Four time factors are key to online learning success
If you think online learning gives you all the time in the world to learn, think again say four researchers, including three in Simon Fraser University’s Faculty of Education.
Associate professor Alyssa Wise, her master’s student Simone Hausknecht, her recently graduated master’s of education student Yuting Zhao and an American researcher say time management is crucial to successful online learning, especially now.
“As more learning experiences include online components or take place wholly online, it is important to understand how to best support students in being successful as learners in this exciting but challenging medium,” says Wise.
“An understanding of the unique temporal aspects of online learning discussions can contribute to this.”
In Assessment and Evaluation of Time Factors in Online Teaching and Learning, a new book published by IGI Global, the four have penned a pivotal chapter that describes how four temporal factors govern online discussions.
Duration, Sequence, Pace and Salience affect learning outcomes
Drawing largely on original research conducted by Wise and her student co-authors in a federally funded E-Listening project, the chapter describes how and why duration, sequence, pace and salience determine online discussions’ educational value.
Duration refers to the amount of time a student takes to complete a particular learning task or activity.
Sequence refers to the order in which different phases of an activity are conducted.
Pace refers to the rate at which different learning events occur over time.
Salience refers to learners’ awareness of time passing in their online experience.
Unless learners, educators and education program designers know how to effectively manage these factors, say the researchers, online learning discussions can become vacuous rather than valuable.
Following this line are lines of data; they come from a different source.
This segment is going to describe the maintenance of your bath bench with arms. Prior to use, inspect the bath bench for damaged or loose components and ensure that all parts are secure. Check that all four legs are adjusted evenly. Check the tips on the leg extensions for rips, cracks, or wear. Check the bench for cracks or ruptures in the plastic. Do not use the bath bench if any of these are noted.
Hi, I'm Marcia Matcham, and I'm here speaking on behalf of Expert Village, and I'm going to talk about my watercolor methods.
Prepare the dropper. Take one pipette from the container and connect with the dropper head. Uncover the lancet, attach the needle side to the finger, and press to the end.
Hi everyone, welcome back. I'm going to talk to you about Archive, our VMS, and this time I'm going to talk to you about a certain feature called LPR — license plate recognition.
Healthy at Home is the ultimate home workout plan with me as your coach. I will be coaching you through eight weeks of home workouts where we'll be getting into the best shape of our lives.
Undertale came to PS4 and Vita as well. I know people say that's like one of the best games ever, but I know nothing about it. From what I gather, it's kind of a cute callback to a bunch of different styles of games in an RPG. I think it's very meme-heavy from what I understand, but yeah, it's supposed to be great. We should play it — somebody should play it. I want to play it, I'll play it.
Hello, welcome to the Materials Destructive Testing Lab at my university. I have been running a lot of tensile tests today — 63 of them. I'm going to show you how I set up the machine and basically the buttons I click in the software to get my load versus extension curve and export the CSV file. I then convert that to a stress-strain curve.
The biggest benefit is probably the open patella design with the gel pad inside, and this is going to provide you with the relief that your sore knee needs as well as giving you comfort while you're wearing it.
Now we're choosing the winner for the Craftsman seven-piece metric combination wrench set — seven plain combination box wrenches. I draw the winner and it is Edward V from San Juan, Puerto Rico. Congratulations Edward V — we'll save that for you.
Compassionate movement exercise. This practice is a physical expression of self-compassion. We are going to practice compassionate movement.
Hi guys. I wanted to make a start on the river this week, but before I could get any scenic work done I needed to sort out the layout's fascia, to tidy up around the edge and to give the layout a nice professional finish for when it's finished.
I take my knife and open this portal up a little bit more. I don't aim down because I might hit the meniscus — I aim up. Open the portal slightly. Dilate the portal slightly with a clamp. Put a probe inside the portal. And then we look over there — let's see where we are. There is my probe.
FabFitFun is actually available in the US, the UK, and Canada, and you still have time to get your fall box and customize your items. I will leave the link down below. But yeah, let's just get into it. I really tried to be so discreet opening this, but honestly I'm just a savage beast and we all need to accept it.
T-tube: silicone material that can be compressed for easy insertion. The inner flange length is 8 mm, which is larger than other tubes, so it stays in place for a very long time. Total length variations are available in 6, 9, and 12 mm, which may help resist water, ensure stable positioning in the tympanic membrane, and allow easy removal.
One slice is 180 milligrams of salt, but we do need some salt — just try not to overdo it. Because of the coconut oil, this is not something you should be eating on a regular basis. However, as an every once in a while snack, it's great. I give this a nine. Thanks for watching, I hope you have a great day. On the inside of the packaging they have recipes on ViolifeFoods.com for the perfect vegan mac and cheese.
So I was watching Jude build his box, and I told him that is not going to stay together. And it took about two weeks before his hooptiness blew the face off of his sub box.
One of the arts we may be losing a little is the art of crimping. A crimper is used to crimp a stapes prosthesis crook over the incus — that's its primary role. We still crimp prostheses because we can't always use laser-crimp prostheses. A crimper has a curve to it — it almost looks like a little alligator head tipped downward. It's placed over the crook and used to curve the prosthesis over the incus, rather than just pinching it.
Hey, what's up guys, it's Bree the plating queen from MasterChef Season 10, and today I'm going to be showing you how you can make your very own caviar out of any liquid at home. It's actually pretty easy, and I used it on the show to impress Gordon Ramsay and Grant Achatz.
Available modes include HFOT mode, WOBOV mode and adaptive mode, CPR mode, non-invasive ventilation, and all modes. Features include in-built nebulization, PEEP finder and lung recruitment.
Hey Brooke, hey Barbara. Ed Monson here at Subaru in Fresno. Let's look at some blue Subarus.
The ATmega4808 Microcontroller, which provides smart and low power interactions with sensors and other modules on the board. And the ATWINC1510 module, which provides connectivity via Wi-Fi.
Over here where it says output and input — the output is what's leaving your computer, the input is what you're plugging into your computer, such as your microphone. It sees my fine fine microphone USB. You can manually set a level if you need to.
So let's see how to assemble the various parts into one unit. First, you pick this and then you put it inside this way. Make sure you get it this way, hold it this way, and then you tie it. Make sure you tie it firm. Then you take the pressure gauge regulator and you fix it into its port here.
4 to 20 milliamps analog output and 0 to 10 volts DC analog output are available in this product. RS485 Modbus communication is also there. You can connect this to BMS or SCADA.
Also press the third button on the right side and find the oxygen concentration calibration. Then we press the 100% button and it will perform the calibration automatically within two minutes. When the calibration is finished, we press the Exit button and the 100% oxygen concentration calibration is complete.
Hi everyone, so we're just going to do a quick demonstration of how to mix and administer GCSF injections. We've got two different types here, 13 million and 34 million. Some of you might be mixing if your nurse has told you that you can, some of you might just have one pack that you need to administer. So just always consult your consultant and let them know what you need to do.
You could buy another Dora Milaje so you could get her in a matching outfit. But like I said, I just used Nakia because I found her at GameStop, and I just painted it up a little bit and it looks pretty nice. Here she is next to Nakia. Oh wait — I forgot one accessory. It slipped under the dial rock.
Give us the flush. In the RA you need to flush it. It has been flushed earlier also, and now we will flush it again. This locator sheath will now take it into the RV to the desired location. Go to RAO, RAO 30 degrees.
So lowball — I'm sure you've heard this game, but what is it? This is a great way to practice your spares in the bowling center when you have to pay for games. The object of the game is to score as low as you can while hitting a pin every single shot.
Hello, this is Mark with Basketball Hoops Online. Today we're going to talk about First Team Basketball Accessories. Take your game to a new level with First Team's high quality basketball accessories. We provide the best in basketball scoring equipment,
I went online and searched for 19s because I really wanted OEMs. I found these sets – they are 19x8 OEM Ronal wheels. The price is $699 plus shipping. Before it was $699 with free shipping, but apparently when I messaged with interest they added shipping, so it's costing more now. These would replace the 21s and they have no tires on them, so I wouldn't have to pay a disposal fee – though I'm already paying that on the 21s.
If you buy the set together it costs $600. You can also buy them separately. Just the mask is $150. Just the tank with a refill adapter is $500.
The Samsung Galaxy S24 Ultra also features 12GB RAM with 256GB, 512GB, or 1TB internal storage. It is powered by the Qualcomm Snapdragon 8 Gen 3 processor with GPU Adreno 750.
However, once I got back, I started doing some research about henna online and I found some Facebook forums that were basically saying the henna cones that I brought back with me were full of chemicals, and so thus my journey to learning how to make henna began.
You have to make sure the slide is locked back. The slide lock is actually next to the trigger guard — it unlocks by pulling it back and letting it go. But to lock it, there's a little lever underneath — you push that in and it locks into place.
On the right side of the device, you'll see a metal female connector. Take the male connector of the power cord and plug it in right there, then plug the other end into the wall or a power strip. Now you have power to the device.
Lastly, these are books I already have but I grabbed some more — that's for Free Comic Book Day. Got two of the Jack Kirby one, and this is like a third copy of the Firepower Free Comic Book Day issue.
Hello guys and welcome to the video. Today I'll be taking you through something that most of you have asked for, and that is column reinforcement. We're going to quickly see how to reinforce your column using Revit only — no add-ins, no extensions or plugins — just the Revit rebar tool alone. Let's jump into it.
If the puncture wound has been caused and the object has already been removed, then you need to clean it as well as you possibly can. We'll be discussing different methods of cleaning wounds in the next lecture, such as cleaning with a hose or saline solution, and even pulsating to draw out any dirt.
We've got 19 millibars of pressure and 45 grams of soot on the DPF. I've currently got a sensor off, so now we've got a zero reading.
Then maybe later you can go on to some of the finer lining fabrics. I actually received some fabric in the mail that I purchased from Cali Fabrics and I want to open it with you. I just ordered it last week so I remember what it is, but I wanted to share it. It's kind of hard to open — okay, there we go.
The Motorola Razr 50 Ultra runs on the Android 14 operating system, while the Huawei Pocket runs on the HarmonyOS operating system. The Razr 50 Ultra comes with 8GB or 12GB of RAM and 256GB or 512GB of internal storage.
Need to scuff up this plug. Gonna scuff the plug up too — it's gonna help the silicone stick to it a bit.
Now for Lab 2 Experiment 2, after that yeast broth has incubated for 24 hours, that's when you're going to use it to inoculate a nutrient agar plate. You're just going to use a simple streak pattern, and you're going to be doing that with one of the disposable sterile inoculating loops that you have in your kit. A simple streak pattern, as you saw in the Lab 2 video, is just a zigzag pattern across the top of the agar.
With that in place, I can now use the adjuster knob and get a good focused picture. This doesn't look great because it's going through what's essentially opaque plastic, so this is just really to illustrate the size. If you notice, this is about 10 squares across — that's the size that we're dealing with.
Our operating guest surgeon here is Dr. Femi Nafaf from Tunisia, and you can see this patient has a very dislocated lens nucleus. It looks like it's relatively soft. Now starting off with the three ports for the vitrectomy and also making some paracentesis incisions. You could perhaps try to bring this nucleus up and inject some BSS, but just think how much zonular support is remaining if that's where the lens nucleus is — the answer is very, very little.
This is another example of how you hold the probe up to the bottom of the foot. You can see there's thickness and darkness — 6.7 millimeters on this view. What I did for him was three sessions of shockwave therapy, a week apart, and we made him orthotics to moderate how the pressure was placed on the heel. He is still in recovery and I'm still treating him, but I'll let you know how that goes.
They say that when discussions become incoherent or disjointed because online learning groups don’t have a banked collective memory of what is being said, they can negate the benefits of student-centered online-learning taking place “anytime, anyplace”.
In their four-year E-Listening project the SFU researchers used clickstream data to uncover the “hidden” aspects of how students participate in online learning experiences.
“This project revealed that student engagement in online discussions is hugely varied and that there are important differences in how students pace and distribute their online learning time,” says Wise.
“We also learned that giving students access to their temporal data can increase their awareness of their online behaviours and ability to modify them as needed.”
Some highlights of the authors’ observations and recommendations in Chapter 8 of Assessment and Evaluation of Time Factors in Online Teaching and Learning are:
· Students tend to spend more time participating in learning discussions online than in classes.
· Students should try to engage in a limited number of extended online discussion sessions dispersed over time rather than frequent short sessions in which they skim content.
· Teachers can enhance learning with reflective activities that have students assess how ideas in the discussions have changed or progressed over time.